◆ **Collection entries**:
---*---
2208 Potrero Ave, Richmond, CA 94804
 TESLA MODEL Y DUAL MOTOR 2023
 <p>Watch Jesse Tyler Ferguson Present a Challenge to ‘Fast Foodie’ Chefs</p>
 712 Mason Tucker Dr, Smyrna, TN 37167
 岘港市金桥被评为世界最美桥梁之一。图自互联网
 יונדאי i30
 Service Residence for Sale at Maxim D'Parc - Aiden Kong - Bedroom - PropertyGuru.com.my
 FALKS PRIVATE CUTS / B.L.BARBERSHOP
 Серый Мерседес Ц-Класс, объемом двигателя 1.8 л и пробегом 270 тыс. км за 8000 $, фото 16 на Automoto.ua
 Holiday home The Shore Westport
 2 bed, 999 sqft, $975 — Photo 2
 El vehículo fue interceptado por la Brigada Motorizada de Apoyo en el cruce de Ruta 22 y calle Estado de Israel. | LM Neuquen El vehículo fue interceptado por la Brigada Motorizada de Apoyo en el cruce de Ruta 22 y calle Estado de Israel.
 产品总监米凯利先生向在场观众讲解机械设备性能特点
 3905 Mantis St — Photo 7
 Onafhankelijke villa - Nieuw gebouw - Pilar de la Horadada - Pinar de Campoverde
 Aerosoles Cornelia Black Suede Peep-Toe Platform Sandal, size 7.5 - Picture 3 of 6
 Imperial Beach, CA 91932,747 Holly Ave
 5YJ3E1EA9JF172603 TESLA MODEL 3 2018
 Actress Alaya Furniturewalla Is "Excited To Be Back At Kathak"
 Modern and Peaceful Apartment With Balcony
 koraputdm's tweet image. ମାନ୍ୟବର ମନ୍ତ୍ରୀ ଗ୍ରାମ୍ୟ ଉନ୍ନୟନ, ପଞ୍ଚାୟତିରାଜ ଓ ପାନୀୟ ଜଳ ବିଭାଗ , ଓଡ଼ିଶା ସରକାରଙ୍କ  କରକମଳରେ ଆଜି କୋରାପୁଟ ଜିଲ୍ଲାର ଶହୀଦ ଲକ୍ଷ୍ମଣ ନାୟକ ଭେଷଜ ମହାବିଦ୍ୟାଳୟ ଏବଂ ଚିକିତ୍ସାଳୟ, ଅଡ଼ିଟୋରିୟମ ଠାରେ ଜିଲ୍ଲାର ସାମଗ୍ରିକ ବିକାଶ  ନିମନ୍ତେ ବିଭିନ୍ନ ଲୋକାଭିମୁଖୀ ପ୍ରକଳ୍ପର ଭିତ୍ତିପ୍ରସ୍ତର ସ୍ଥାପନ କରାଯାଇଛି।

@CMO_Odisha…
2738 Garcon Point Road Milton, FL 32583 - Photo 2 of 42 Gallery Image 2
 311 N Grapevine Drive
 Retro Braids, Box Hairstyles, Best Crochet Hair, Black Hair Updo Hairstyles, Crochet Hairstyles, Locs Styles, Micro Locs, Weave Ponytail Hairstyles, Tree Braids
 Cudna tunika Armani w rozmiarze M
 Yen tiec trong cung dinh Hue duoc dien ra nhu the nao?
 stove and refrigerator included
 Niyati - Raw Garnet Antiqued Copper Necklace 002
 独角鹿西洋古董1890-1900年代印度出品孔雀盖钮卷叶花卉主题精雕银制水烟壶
---*---
◆ **What the task requires**: Report every line of the data above that contains the string "Photo" by copying it in full.

◆ **Answer box**:
 2 bed, 999 sqft, $975 — Photo 2
 3905 Mantis St — Photo 7
2738 Garcon Point Road Milton, FL 32583 - Photo 2 of 42 Gallery Image 2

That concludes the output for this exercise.